Data excerpt —

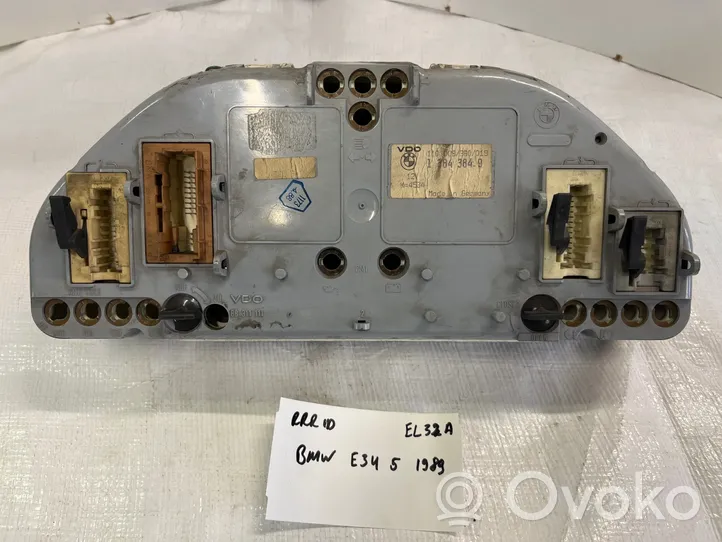 BMW 5 E34 Compteur de vitesse tableau de bord 13843849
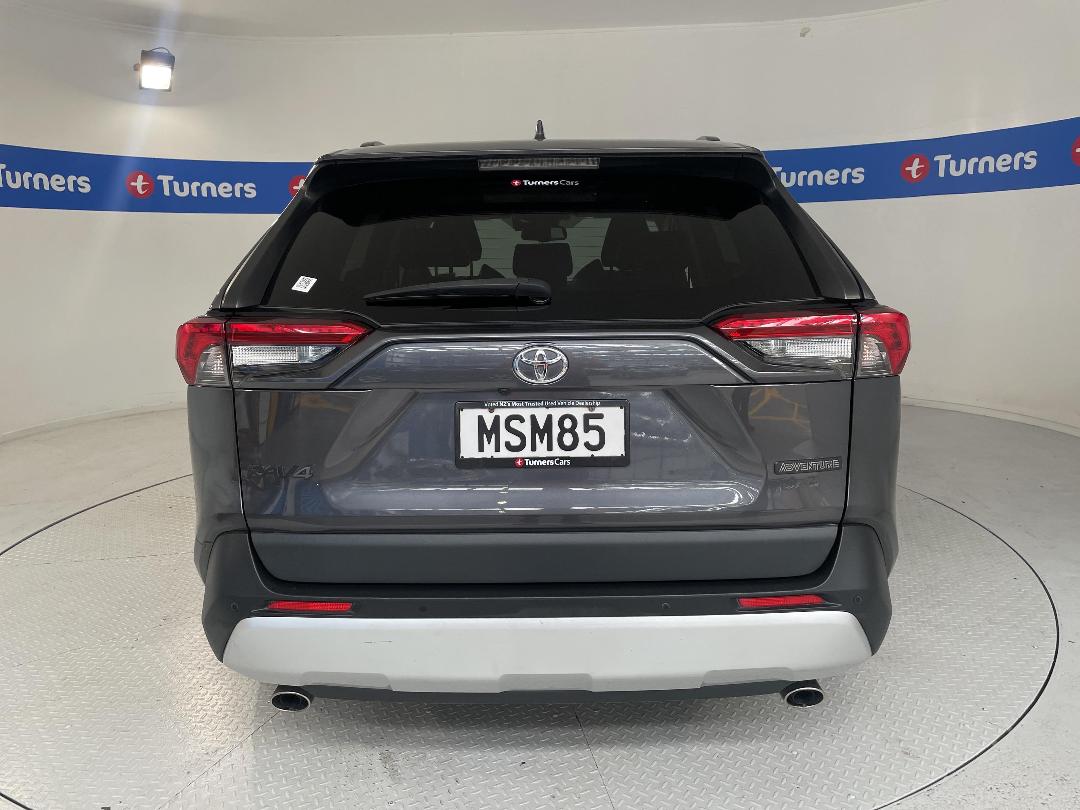 Photo '6' of Toyota Rav4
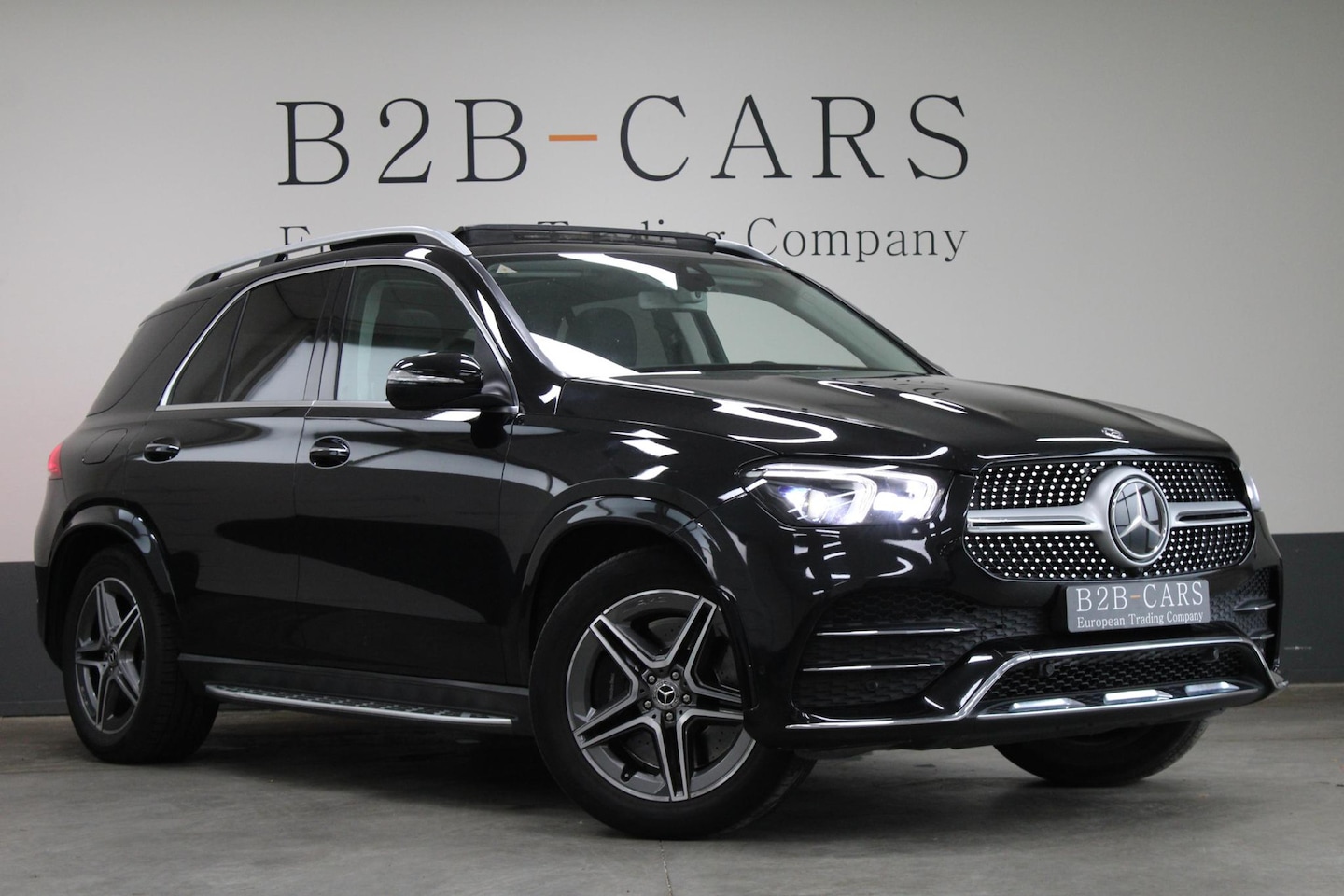 Mercedes-Benz GLE-Klasse - 450 4MATIC | AMG | Panorama | Luchtvering | Trekhaak - AutoWereld.nl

Instructions for the task — Give every line of the listing above again, exactly, with no images.

Solution to this exercise —
 BMW 5 E34 Compteur de vitesse tableau de bord 13843849
 Photo '6' of Toyota Rav4
 Mercedes-Benz GLE-Klasse - 450 4MATIC | AMG | Panorama | Luchtvering | Trekhaak - AutoWereld.nl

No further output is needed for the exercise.